The spend control process?
Spend control is a structured business process that dramatically increases the control and visibility you have over what your organisation spends for all types of goods and services. It’s a process you use to significantly reduce costs by ensuring that only truly needed and properly authorised goods and services are purchased, and by making sure you obtain best possible value when they are. It also serves to dramatically reduce invoice processing time, effort and cost in Accounts Payable, as well as creating greater efficiencies in Procurement and throughout your organisation.
But you may be wondering if it is possible to implement effective spend control without first replacing your existing ERP system. You know from experience that process can be long, expensive and risky. You don’t want to do it if you can possibly avoid it.

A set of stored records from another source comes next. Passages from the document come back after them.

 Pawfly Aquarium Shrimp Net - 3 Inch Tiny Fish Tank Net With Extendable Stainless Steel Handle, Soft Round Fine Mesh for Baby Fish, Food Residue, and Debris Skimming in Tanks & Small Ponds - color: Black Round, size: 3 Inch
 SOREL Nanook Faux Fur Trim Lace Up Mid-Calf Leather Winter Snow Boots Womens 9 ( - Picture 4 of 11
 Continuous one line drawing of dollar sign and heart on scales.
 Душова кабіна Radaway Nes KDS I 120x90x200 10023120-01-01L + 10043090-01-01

The good news is that you can deploy highly effective spend control around just about any core
financial management or ERP system. In fact, it makes good sense to use a spend control system that is outside the bounds of ERP for two important reasons:
- Spend control is about managing business processes that are outside the realm of ERP. For instance, it manages the processes before a PO or invoice hits ERP and before a supplier is added to ERP. And it uses a whole new range of information about suppliers, RFPs, contracts and catalogues that is not even in your ERP system.
- Spend control involves many more people than those who use ERP. Parts of your system will be used by practically every employee. Other parts will be used by your suppliers who are outside the four walls of your organisation.
Because the business processes are so different, and because so many people will always be ‘non-expert’ users, the nature of a good spend control system is quite different from the nature of most ERP systems. Modern spend control systems have been designed to remove complexity and guide users through intuitive step-by-step processes – a different approach to the transaction processing model within most ERP systems.